With the formal deadline to file as an official candidate still a week away, Arianna’s dodge seemed only a legal technicality. Everything else about that meeting said she was definitely in the race. Peter Camejo, who recently met for three hours with Arianna, has publicly suggested that he would withdraw and endorse her perhaps late in the campaign. Huffington could emerge as the consensual candidate of the California left if Camejo does the right thing and withdraws immediately. It would be quite a spectacular and historic role reversal for someone who once counted Newt Gingrich among her best friends.

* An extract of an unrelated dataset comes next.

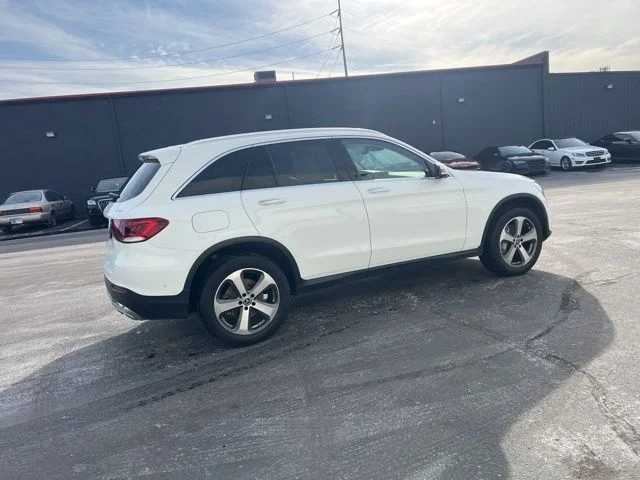 Used 2022 White Mercedes-Benz GLC 300 image 6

“This is not a Nader Nightmare scenario, this isn’t a spoiler candidacy,” Jones assured Arianna’s gathered supporters. “This recall presents a unique opportunity for progressives. Whatever candidate gets the most votes wins. And Arianna can win.”


 


Also present at the meeting was veteran progressive political consultant Bill Zimmerman, introduced by Arianna as “the man who would be managing the campaign if it happens.” Zimmerman’s presence at the helm should dissuade any serious observer from guessing that a run by Arianna would be merely some sort of media gimmick or symbolic candidacy. Zimmerman has worked on or run more than 250 professional campaigns, including Gary Hart’s 1984 presidential run and Tom Hayden’s 1976 senatorial campaign. Zimmerman also designed and ran two successful California ballot initiatives, for legalization of medical marijuana and for drug treatment instead of jail (Proposition 36).


Without discounting new Internet campaign techniques, the availability of “free media” and the punch that can be delivered by an authentic grassroots campaign, Zimmerman reminded the group that a campaign by Arianna would still need to raise a hefty $10 million or so to compete in the statewide TV ad markets.

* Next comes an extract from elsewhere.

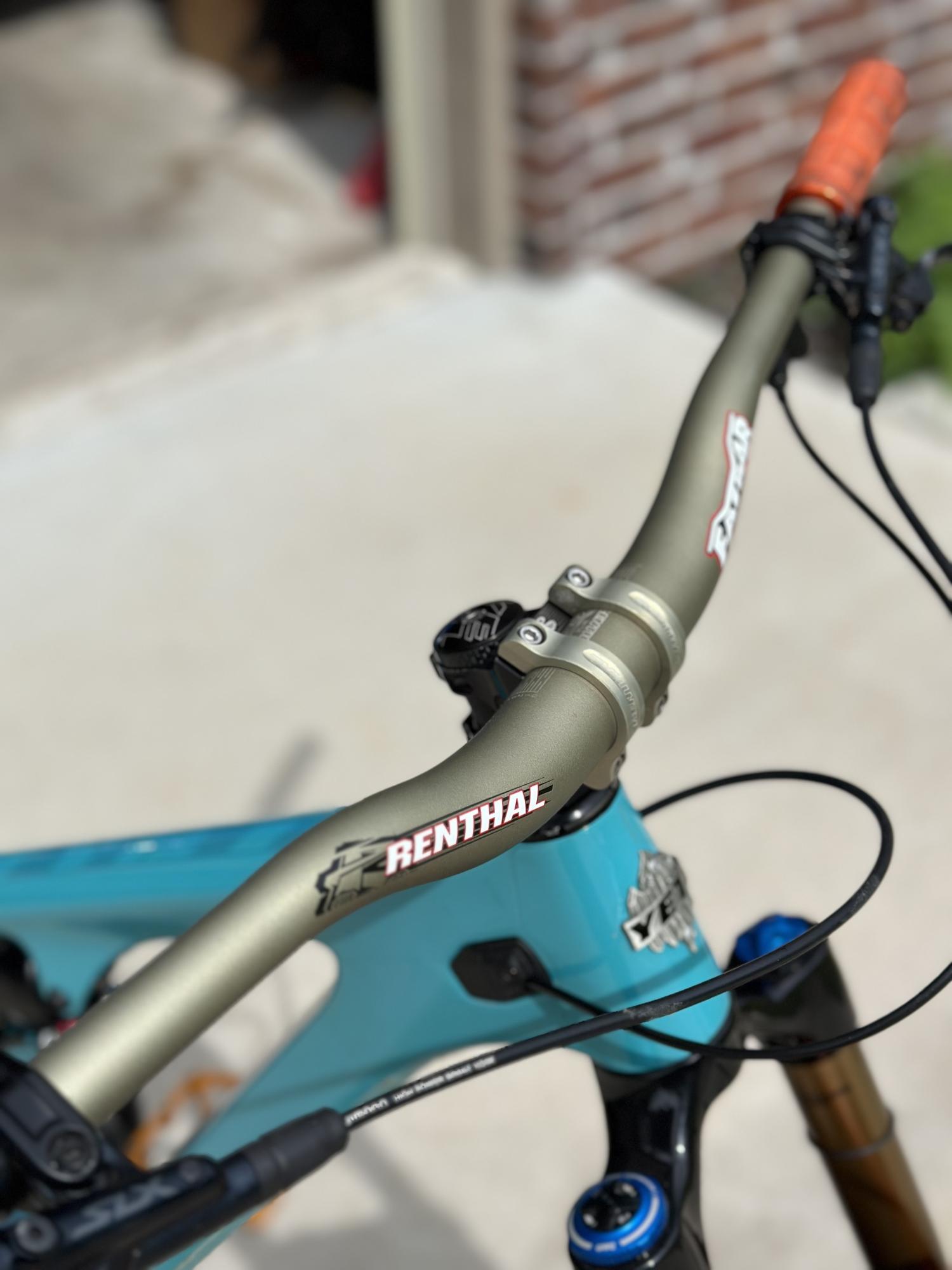 2023 Yeti Sb140 lr Blue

Zimmerman’s right, of course. And as someone who had publicly encouraged Arianna to consider the run, let me be among the first to openly acknowledge the scope of the challenges her candidacy would face, beyond that mountain of $10 million or so. In an extraordinarily compressed campaign window between today and the October 7 vote, Arianna needs to craft an understandable and coherent program that offers serious alternatives to both Republicans and Democrats yet retains mainstream appeal; she must convince voters that, if elected, she has the executive oomph both to manage the current crisis and to effect real policy reform in Sacramento. And she must be effective in blunting what will be the inevitable attempts by the media and other candidates to marginalize and trivialize her independent run. For starters, she’s going to have to directly confront the problem of her ex-husband and former senatorial candidate Michael Huffington, who has also floated his name as a candidate. Now that would be a truly trivial candidacy. And it seems he has announced only to annoy his ex-wife (not unexpected from a guy who first let his two children hear about his public coming out as bisexual by reading it in the press). If he continues in the mix, he can only distract from and damage Arianna. Michael Huffington’s little summer prank has to be ended immediately.


These all constitute formidable obstacles for Arianna. But thinking about the alternatives — retaining Gray Davis or electing one of the myriad Republicans who are running — convinces me, as it does Van Jones, that it’s quite worth the gamble. The current governor is much less than even the lesser of two evils.